A German study shows people who've lost their sense of smell care less about the funks and fragrances of their surroundings.

While that may not come as a huge surprise, it could help explain why more than eight out of every 10 study participants with loss of smell appeared to cope well with the problem.

That's important because many people have a less-than-perfect sniffer, Dr. Ilona Croy of the University of Dresden Medical School told Reuters Health.

"We see a lot of patients with acquired smell disorders in our 'Smell & Taste' outpatient clinic," she said in an email. "Those patients also come to us because they feel a certain psychological strain."

According to Croy and her colleagues, up to 18 percent of people have a reduced sense of smell, and between four and six percent can't smell anything at all.

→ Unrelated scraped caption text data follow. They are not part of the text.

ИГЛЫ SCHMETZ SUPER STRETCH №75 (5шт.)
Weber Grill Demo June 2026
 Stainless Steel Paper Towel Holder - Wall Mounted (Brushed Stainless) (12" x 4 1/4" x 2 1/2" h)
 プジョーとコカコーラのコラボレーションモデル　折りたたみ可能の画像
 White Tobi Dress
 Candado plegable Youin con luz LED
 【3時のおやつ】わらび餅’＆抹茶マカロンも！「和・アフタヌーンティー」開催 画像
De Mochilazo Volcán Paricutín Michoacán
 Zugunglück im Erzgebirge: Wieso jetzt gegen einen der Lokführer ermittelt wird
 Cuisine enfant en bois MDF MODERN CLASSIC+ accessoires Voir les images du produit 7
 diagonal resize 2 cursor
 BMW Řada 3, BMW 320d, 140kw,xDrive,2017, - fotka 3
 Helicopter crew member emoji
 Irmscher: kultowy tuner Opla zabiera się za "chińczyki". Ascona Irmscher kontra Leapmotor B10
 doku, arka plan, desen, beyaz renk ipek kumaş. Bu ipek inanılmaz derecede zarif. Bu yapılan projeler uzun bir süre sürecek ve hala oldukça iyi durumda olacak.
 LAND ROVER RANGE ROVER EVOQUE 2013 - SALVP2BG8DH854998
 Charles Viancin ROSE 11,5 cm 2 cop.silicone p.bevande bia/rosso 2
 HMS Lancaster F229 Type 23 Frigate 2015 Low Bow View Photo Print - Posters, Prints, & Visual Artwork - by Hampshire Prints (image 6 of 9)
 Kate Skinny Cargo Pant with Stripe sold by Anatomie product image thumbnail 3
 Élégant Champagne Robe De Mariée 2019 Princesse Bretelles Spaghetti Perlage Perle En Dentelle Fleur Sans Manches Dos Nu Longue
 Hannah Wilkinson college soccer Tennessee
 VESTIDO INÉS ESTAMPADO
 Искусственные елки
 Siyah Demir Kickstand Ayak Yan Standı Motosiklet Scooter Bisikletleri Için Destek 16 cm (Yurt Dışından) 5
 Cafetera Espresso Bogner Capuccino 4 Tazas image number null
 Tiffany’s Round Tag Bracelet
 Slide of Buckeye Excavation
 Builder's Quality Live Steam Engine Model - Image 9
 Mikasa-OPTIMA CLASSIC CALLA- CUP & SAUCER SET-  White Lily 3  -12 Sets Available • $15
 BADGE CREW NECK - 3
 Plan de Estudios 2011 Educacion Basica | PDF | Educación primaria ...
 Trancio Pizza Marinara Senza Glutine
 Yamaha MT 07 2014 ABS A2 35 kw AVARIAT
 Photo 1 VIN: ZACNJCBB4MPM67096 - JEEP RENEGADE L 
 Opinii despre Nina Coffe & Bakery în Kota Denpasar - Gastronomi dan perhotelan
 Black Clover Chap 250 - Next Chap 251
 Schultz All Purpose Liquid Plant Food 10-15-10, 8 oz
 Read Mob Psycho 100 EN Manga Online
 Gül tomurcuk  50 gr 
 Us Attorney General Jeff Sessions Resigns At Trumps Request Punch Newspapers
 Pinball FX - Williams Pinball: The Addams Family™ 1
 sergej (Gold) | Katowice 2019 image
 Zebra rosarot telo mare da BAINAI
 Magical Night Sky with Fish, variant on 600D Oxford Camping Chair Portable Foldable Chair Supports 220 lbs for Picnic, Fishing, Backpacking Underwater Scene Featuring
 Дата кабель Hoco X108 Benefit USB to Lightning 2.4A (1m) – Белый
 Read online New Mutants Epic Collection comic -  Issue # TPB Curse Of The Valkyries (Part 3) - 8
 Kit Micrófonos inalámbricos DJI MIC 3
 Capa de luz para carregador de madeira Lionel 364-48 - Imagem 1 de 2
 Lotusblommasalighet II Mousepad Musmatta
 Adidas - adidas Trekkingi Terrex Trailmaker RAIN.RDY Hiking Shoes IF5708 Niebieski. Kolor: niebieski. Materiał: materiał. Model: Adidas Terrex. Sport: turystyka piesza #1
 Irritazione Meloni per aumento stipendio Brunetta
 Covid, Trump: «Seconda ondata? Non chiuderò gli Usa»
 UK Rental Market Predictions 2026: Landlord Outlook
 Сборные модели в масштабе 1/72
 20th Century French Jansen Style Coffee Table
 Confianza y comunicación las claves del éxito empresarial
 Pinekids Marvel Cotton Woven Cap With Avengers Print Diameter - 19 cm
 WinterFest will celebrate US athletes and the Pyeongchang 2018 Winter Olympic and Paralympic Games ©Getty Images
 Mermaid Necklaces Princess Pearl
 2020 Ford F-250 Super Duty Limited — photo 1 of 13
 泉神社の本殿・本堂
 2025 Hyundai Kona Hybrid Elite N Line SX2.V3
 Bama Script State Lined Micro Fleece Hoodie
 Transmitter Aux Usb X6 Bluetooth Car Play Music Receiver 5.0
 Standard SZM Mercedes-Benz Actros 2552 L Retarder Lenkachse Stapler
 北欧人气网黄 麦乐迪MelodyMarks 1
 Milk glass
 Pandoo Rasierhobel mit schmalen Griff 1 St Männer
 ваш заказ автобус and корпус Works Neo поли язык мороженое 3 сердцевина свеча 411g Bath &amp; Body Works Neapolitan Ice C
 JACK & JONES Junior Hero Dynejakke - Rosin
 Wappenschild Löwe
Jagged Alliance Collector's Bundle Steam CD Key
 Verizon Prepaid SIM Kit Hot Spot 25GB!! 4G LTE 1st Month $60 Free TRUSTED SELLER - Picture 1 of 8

The condition is often triggered by viruses, head trauma or sinus infections. Some people complain it lowers their quality of life, making it difficult to cook or reducing appetite, for instance.

And one study has suggested that people value their sense of smell more highly after they've lost it.

But they don't care as much about it as people who have no trouble making out odors, according to the German researchers, whose findings appear in the Archives of Otolaryngology - Head & Neck Surgery.

The researchers studied 235 patients with some loss of smell and asked them to fill out a questionnaire rating the importance they ascribed to smells in their daily lives -- from the memories and emotions evoked to the influence on decision making and the aggravation produced by loss of the sense.

Compared to a group of people with a healthy schnoz, those who had some or total loss of smell rated the capacity as less important across the board.

And 87 percent of the impaired participants said they were only slightly annoyed by the problem. Those who didn't cope as well had more symptoms of depression, and Croy said they might find talk therapy helpful.

"Together with other clinicians, we often had a discussion if patients would focus more on the deficit (...) or adjust toward it," Croy said. "Now we know that the majority of patients adjust to the deficit."